In Anson County, there were several reports of roads closed because of high water. That included Grassy Island Road, about 6 miles east of Ansonville.

Flash floods across the region caused residents significant problems on Friday. In Lincoln County, about 25 families in the Trinity Farms neighborhood were stranded when a bridge – the only road leading to the community – was washed away during heavy rains.

“The water just washed out the whole road and tore it away,” said Martha Lide, interim county manager. It created a hole about 20 feet long and 16 feet wide, or “big enough to fit a school bus in there,” said Lide.

On Sunday, the families were finally able to leave their community when the N.C. Forestry Service completed a temporary bridge for them.

At Broadus Baptist in Concord, the church’s gym and Sunday school classrooms flooded during Friday’s downpour.

The heavy rain carried nearby mulch, which clogged the drainage system and led to indoor flooding of nearly an inch, said Bob Greene, the church’s maintenance supervisor.

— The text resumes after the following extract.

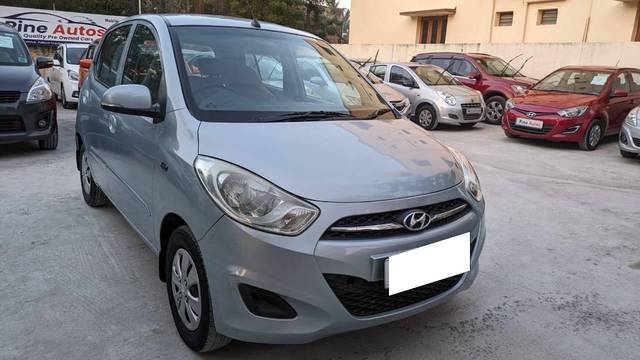 https://images10.gaadi.com/usedcar_image/4351341/original/processed_890748b4bd7445cd170766b63b31f57f.jpg?imwidth=6400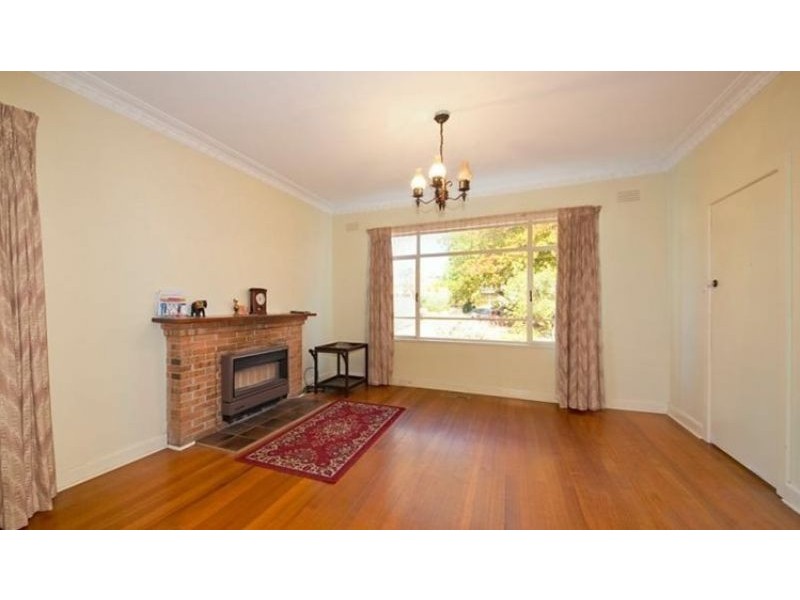 15 Prior Road, Malvern East VIC 3145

Greene and two other people used wet/dry vaccum cleaners to treat the flooded rooms, working from 10 p.m. Friday through 3 a.m. Saturday. “I pray that it doesn’t happen again,” he said. “Thankfully there wasn’t any real damage.”

Fred Bickford said several roads in his neighborhood, Lake Shore Estates in Concord, also flooded on Friday evening.

“The water was so high in the spillway that it looked like rapids,” he said. “The rain was torrential. It was incredible.”

The N.C. Department of Transportation says flooding damaged Bud Henderson Road, and damage also was reported on Gilead Road between McCoy and Bud Henderson roads, and on McCoy Road at Gilead Road.

On the Community Collaborative Rain, Hail & Snow Network, of which the National Weather Service is a partner, residents reported readings of 4 and 5 inches of rain on Friday night, said Vaughan.

During that same period, the National Weather Service reported just 0.27 inches of rain at Charlotte Douglas International Airport.

In the service’s 135-year tracking history, Vaughan said, the month of June was the 15th wettest in the Charlotte region.

The weather is also dramatically different from the same time last year, he said. For instance, on June 29, 2012, the high temperature was 104. And for the entire month of June last year, only 1.02 inches of rain was reported.

This year, by comparison, the high temperature for June 29 was 86. And as of 4:30 p.m. Sunday, the rain level for the entire month was 6.88 inches.